The party took place Friday September, 30, and went off without a hitch, raising over 1200 dollars–but not before overcoming some major obstacles.
Though this event was no different than the typical 11-2 fraternity party, the fact that it was hosted by a sorority led the event to be treated as an unprecedented and risky endeavor, and not unreasonably so. Fraternities generally pay higher dues because they have the insurance required to regularly host parties. Sororities, however, do not, thus necessitating a strong risk management plan for the protection of the students, TriDelta, and the college.
There is no downside to limiting risk–everyone benefits from a safe environment and some cautious forethought. The party culture at Centre makes safety a priority, requiring easily-identifiable sober monitors, swiping in and out of parties, and regular walk-throughs by the campus Department of Public Safety (DPS). While the various methods of risk management are always well-intentioned, it is still important to think critically about the implications some of them bring. In this case, male sober monitors.
As TriDelta worked with Centre Greek Life to establish a risk management plan, the use of male sober monitors from each fraternity was suggested. This inherently is not a bad idea, as the fraternity men have experience hosting these kinds of events on a weekly basis. However, this solution has raised many questions and created a campus dialogue on the implications that come with male sober monitors as a way to reduce risks.
While this was the first sorority-hosted party, this was not TriDelta’s first experience with potential risk. Each year, TriDelta hosts a late-night philanthropy event called DHOP selling pancakes in the warehouse; many of the same concerns that apply to parties, such as intoxicated students and fire codes, must be taken into consideration at this event as well. Similarly, all sororities hold formals, which incur much greater risks with elements such as cash bars thrown into the mix, yet male sober monitors are not suggested for these events.

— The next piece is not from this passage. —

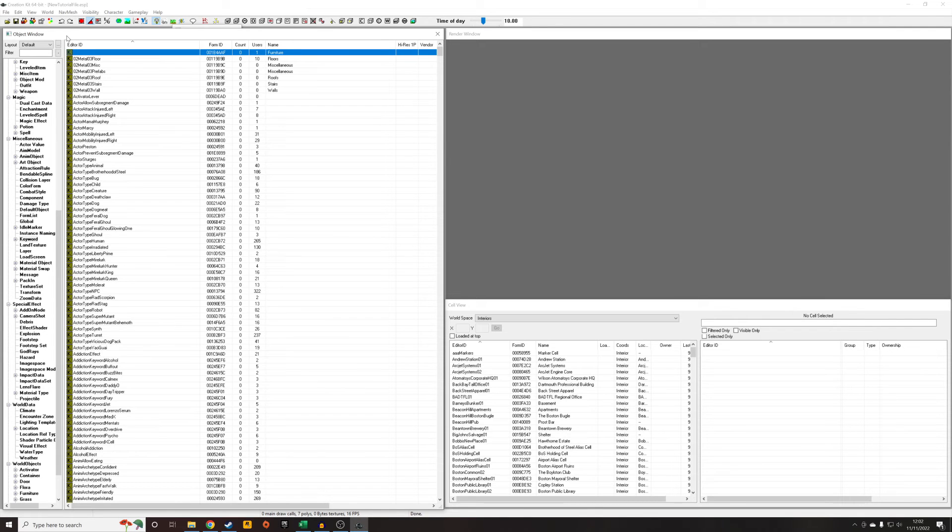Hello, what I'm going to do in this tutorial is expand on the previous tutorial that I did. In the previous tutorial I demonstrated how to create a new constructible object which had its own category within an existing workbench.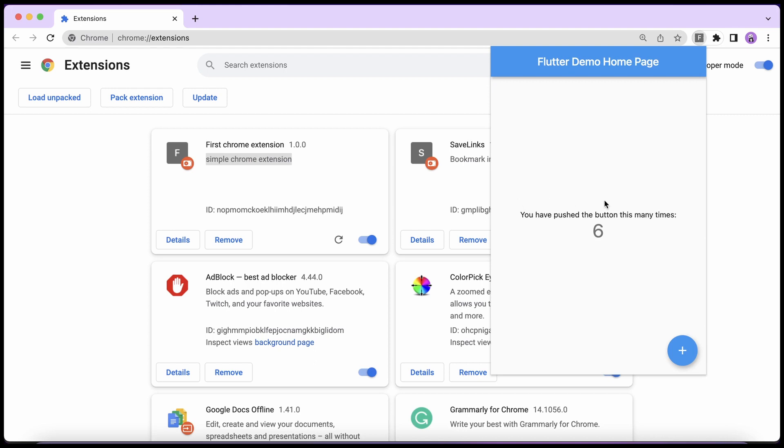This was a simple tutorial to show you how you can convert your Flutter apps into Chrome extensions. So let me know if you want me to make more Chrome extensions using Flutter, maybe add some packing and do some other stuff. So do let me know in the comments and I'll be back again with another video soon. Thanks for watching.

It should also be noted that sororities and fraternities undergo the same risk management training process. Essentially, the only advantage fraternity sober monitors offer is more experience, something that could easily be remedied if sororities were given more opportunities to throw parties.
Apart from creating a risk management plan that Greek Life was comfortable with, TriDelta was faced with other challenges in their efforts to put on the first sorority-hosted party. In addition to being encouraged to use chapter funds to pay an off-duty DPS officer to monitor the event, the sorority was also given the stipulation that failure to manage the risks would mean they could not host DHOP that year.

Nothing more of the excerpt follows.